Tuesday, February 23, 2010

Case-Schiller CPI turns positive

- by New Deal democrat

The Case-Schiller house price index was reported this morning at -3.1% YoY for the month of January. This is the mildest decline in several years. This report, together with last Friday's inflation report, which showed a decline in core inflation due in part to "owner's equivalent rent," is cause for looking at an obscure but in my opinion crucial metric.

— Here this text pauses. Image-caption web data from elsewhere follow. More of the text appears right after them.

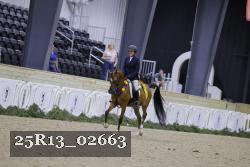 25R13_02663 thumbnail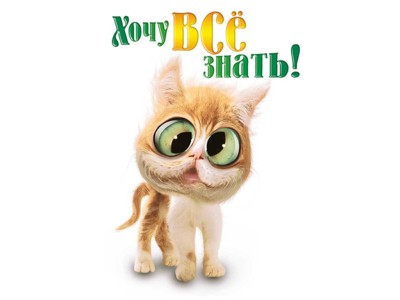 ho4u_vsjo_znat.jpg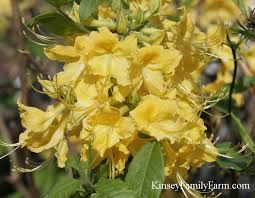 Check spelling or type a new query. Native Plants Shrubs For Sale Georgia Kinsey Family Farm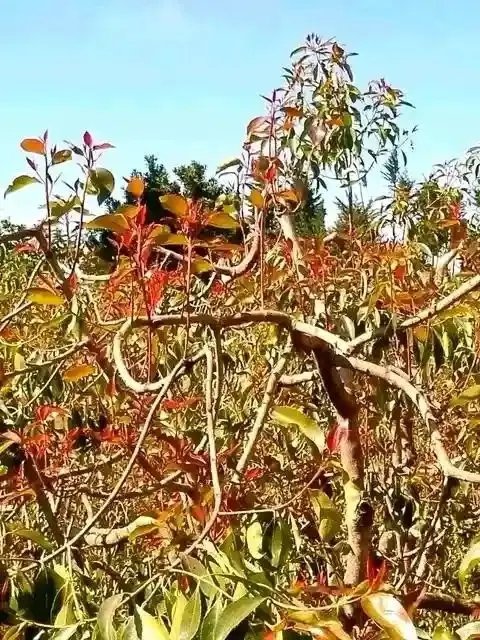 missedcall🌿 tweet media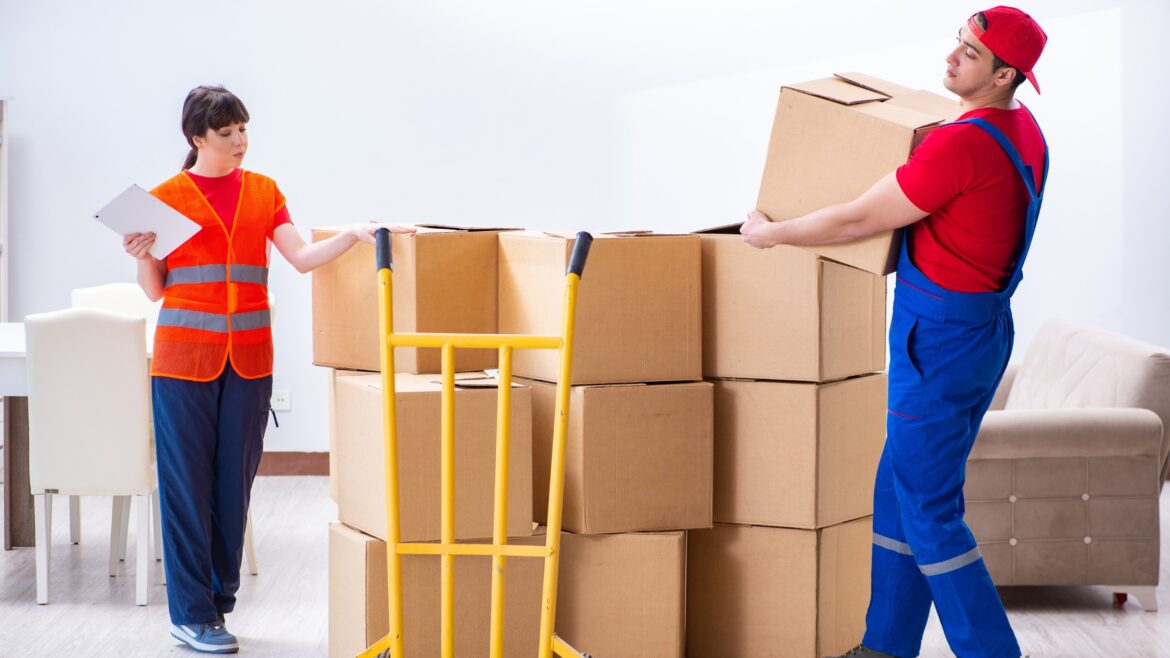 How to choose the right removals company for your move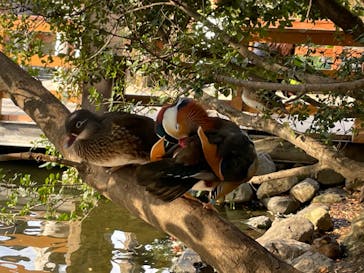 神戸どうぶつ王国に投稿された画像（2024/1/6）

One of the most interesting alternate measures of the economy was first presented a couple of years ago by Tim Iacono of The Mess that Greenspan Made. The CS-CPI is the consumer price index, with the Case Schiller house price index substituted for owner's equivalent rent. When he introduced this measure, Tim noted that owner's equivalent rent had "utterly failed" to catch the inflationary implications of the housing bubble, and specifically that the Fed would have felt far more compelled to act than they actually did, believing inflation at the time to be quiescent.

By replacing owner's equivalent rent with the Case Schiller housing index, the CS - CPI captures the relative strengths of inflation vs. the deflationary impact of the bursting of the housing bubble on the economy. Thus, while Tim treated it as just a curiosity, I believe the CS - CPI uniquely captures an important dynamic. When it went negative in 2008, that meant that the contractionary impact of the housing bust was overwhelming the rest of the economy. On the other hand, I always suspected that the "real" bottom in the economy might be when the CS-CPI bottomed, meaning that the deflationary pressure on all things bought or sold by average Americans, including houses, was beginning to ease.

I hadn't looked at this statistic since last September. At that time I calculated that in January 2009 the CS - CPI measured (-10.1%), but that by September, it had risen (-5.3%). Here's a the most recent graph I can find, updated part-way through 2009:



Last Friday's negative core CPI due in part to a negative Owner's Equivalent Rent made me curious about what the CS - CPI was showing now. And I was in for a surprise.

The CS - CPI has now turned positive. By December it was +1.2% and in January it was +1.8%.

Of course, that doesn't mean it couldn't turn negative again, especially once the $8000 home buyers' credit expires. But for now at least, the CS - CPI is showing, for the first time in nearly two years, that the forces of contraction are not overwhelming the rest of the economy.